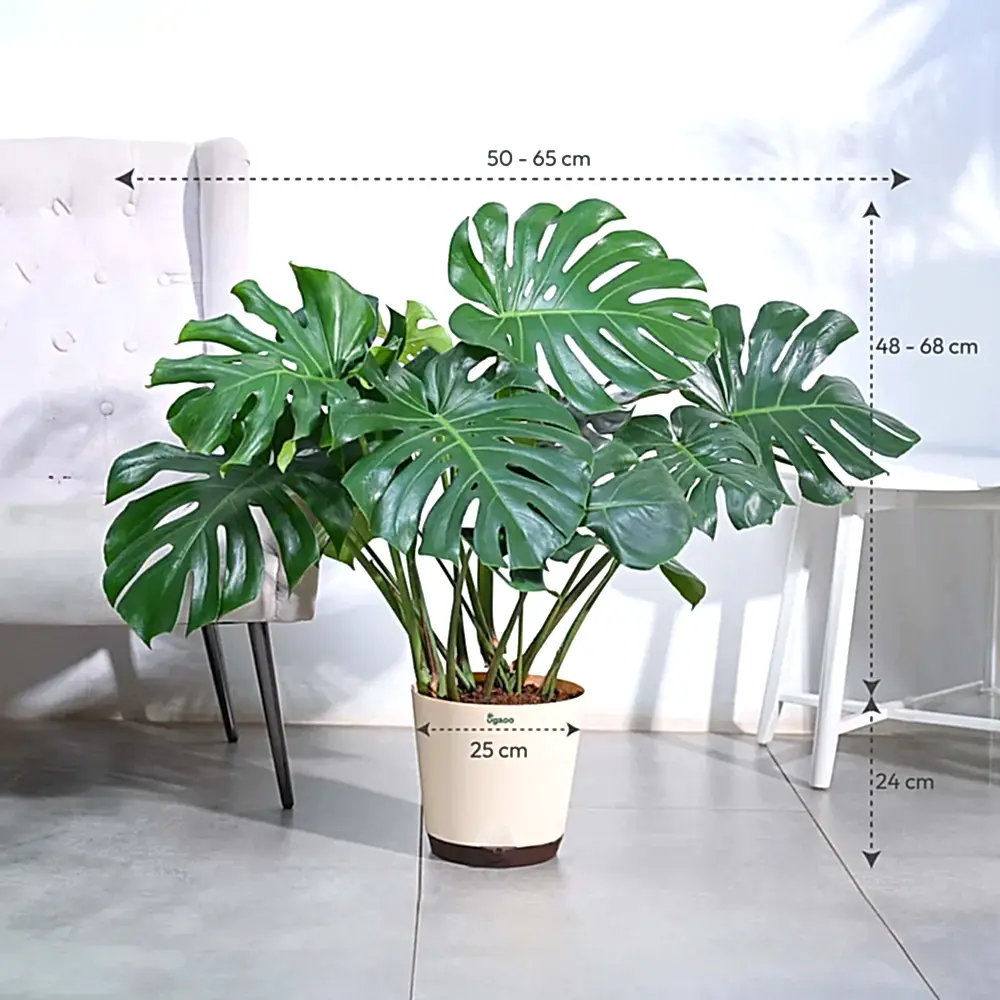 Monstera Deliciosa Plant - XL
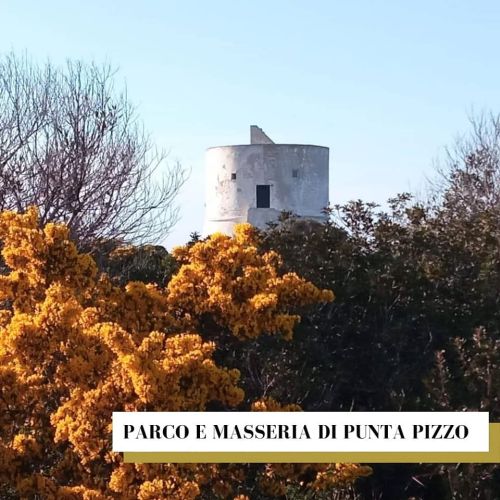 grafica punta pizzo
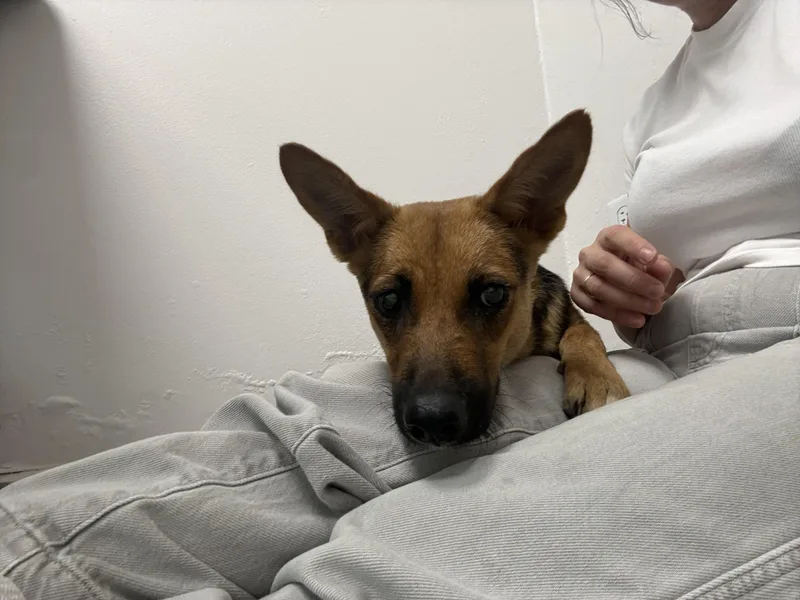 A young medium-sized female German Shepherd Dog dog named Kamila for adoption in Caguas, PR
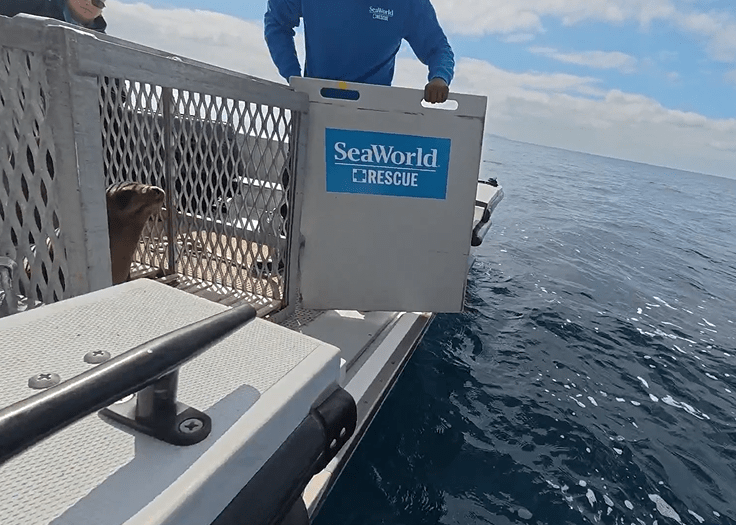Watch: SeaWorld rescue team releases rehabilitated seabirds, sea lions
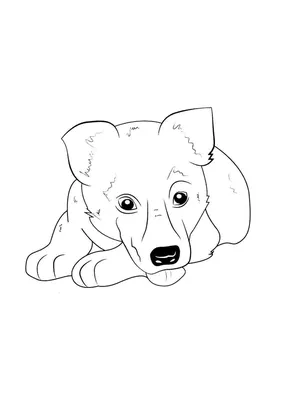 Раскраски Раскраска Раскраски животные распечатать для детей собака ,  скачать распечатать раскраски.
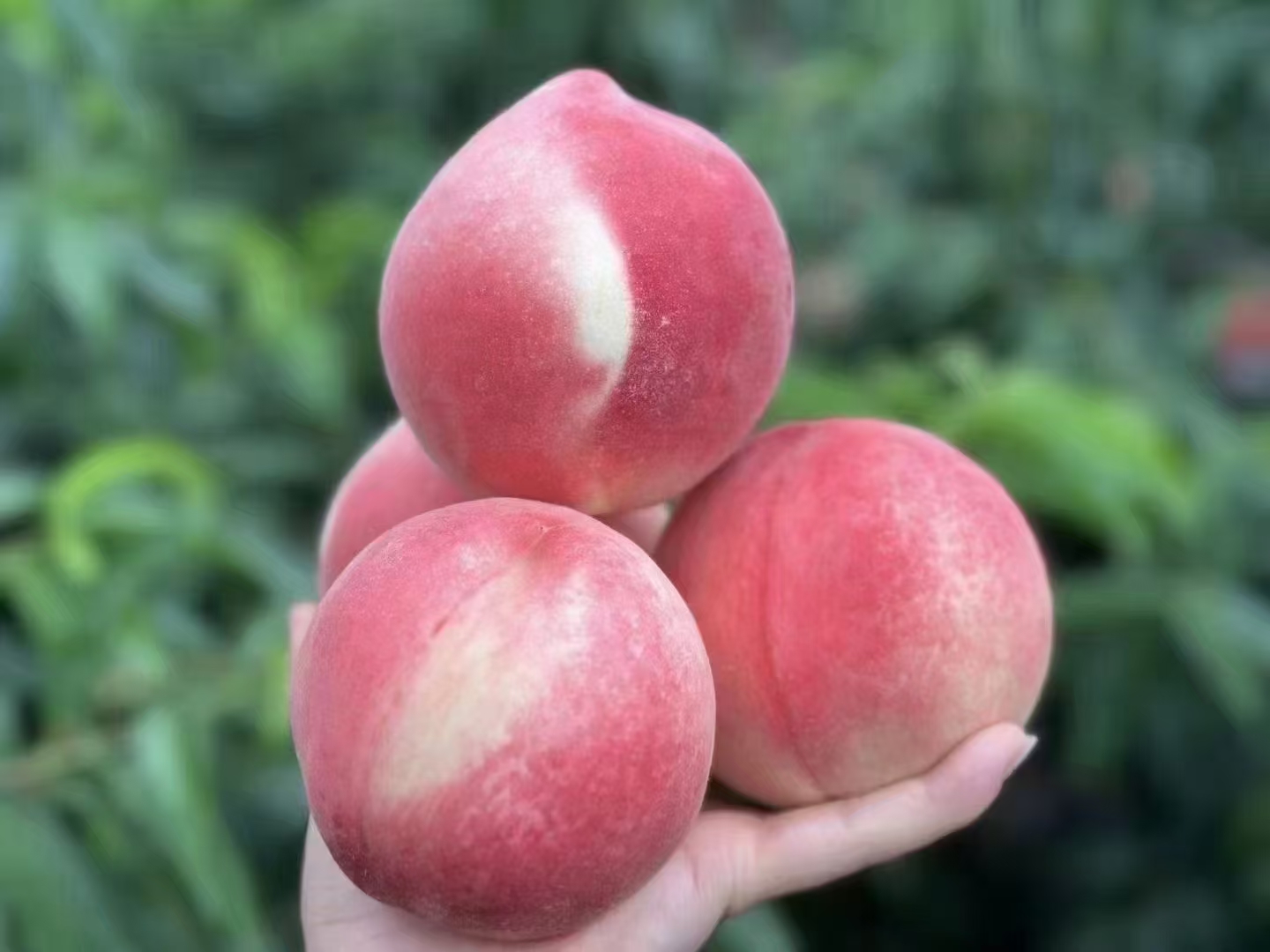 展示新鲜桃果肉的细节,突出其多汁柔软的质地 新鲜桃果肉特写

+ + + + + + +

- **TASK ITEM**
Repeat, exactly and only, the lines from the one containing "Watch: SeaWorld rescue" through the final line of the data, both ends included, leaving out any picture.

- **RESPONSE TO THE EXERCISE**
Watch: SeaWorld rescue team releases rehabilitated seabirds, sea lions
 Раскраски Раскраска Раскраски животные распечатать для детей собака ,  скачать распечатать раскраски.
 展示新鲜桃果肉的细节,突出其多汁柔软的质地 新鲜桃果肉特写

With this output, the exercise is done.